Vision Becomes Reality: DeeJay Dallas Poised For Bigger Role in Third Season With Seahawks – Sports Illustrated

RENTON, Wash. – With his team trailing by seven with under six minutes left to play in the third quarter of their preseason opener in Pittsburgh, Seahawks running back DeeJay Dallas put on his hard hat and went to work looking to even the score.
Taking a first down handoff from Drew Lock on an inside zone concept, Dallas promptly stuck his left cleat in the turf and cut back against the grain behind a wall formed by Seattle's offensive line, including rookie right tackle Abraham Lucas, who washed his defender down the line of scrimmage. With the entire defense flowing towards his left, he astutely observed a crease opening to his right and then darted back upfield off the backside of tight end Colby Parkinson, who successfully sealed his defender outside.
Finishing the run with authority, Dallas power spun out of a tackle and then lowered his shoulder to pick up a few extra yards driving a trio of defenders, capping off an impressive 18-yard run to push the Seahawks past midfield. Moments later, he caught a dump off from Lock in the middle of the field, made a safety whiff, and then leaped past the goal line for a hard-earned touchdown to trim the deficit to two points.
Now in his third NFL season, the fruits of Dallas' labor have been realized thus far as one of the standouts of Seattle's training camp and preseason. (See our new Camp Notebook here.) After seeing limited snaps on offense in 2021 and seeing his team use a second-round pick on running back Ken Walker III in April, he continued to focus on improving his all-around game this offseason, aiming to make himself indispensable with his versatility and ability to make an impact in a myriad of ways.
"I was still trying to get my feet wet a little bit," Dallas said while reflecting on his sophomore season. "Really looking forward to this year just to show that I have improved as a runner, past catcher and as a blocker. Just showing that I can contribute like a lot of different phases of the game. Whatever is called upon for me, I can do it. Whether it's catching or blocking or returning or going to block a kick, I can do all of that."
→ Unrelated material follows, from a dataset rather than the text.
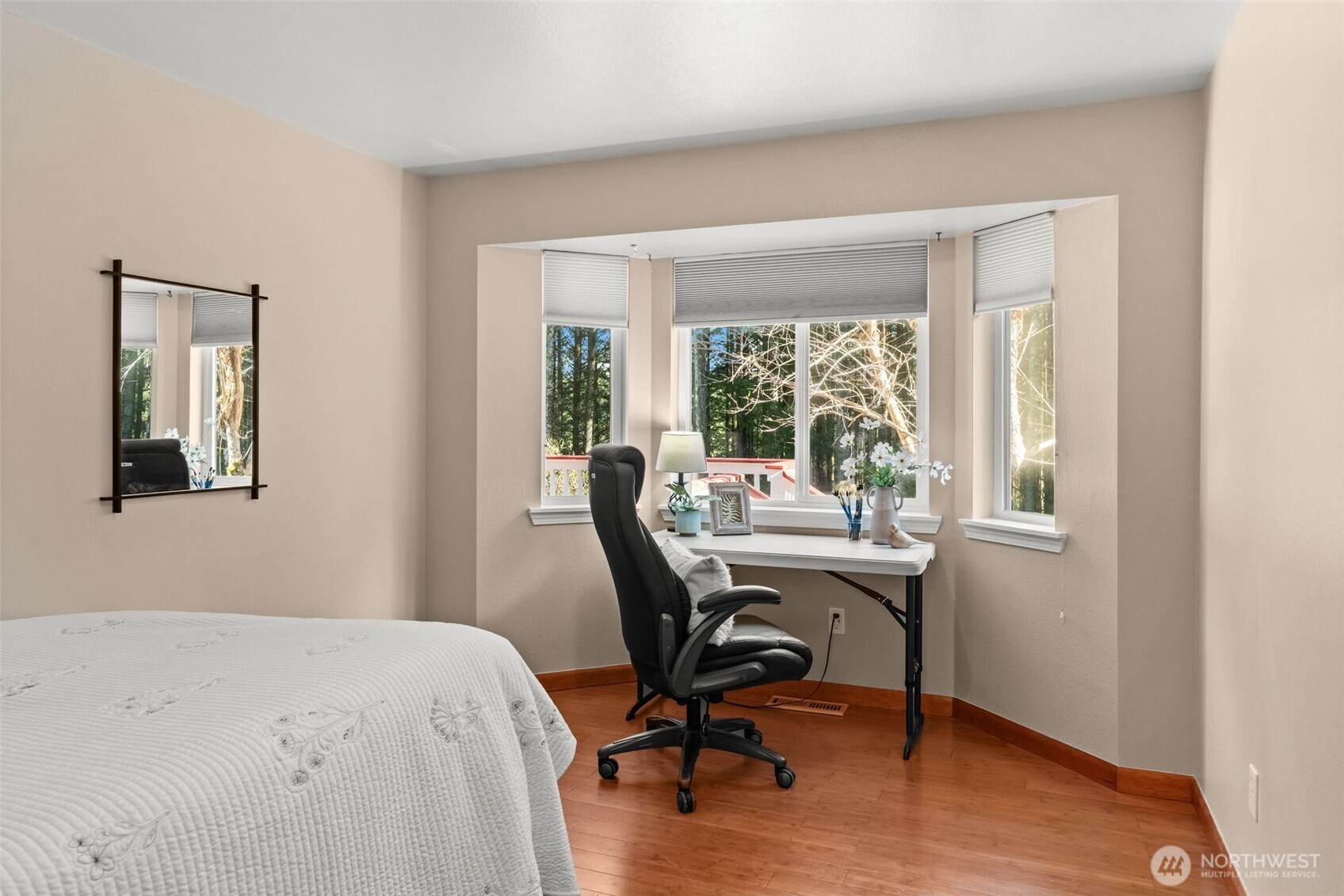 12775 Ranch Ridge Court SW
Whether he's been running through a tackler, leaving one grasping for air with a juke move, racking up yards after the catch, picking up blitzes in pass protection, or excelling on special teams, Dallas has gotten off to a great start pursuing his goal of becoming Mr. Do It All in a deep, talented stable of running backs.
Starring in the exhibition opener in the Steel City, Dallas rushed for a team-high 73 yards along with his 17-yard touchdown reception in a losing effort. While he was limited to five carries and 15 yards on the ground, he followed up with a team-best 52 receiving yards in the Seahawks 27-11 loss to the Bears last Thursday, including a 29-yard reception from Geno Smith. In those two games, he also returned a pair of kicks and was given a chance to return punts as well.
Throughout camp, Dallas has been playing with a different edge, running angry behind his pads and persistently keeping his powerful pistons chopping at the point of contact. In many ways, his style has emulated former teammate and two-time 1,000-yard rusher Chris Carson, who was forced to retire due to a neck injury shortly before the start of training camp in July.
Ever since arriving as a fourth-round pick out of Miami in 2020, Dallas has leaned on Carson, who always kept his door open to help young backs whenever they needed it. Even after stepping away from the game, the two friends have stayed in touch and he continues to serve as a mentor off the field.
"Chris was a big help for me," Dallas remarked. "Just seeing a guy like, he's the underdog, the ultimate underdog. He was drafted in the seventh round. You kind of write off guys who were drafted in the seventh round or undrafted or whatever. But he kind of defied the odds and he put it all on the line. From his running style, I tried to incorporate that like I just watched his film and just try to run tough, run as tough as possible. And that's what he did when he was here. He just kind of taught me that without even teaching."
Modeling his game after Carson beyond his rushing ability, the increased physicality has greatly benefitted Dallas and he's been far from alone. Calling Seattle's current backfield group "sextuplets," others such as Rashaad Penny and Travis Homer have also adopted more of a bruising, no non-sense running style in the wake of Carson's departure and enjoyed strong camps in their own right. Collectively as a unit, they've taken on a mindset seeking to run through opposing face masks at any opportunity.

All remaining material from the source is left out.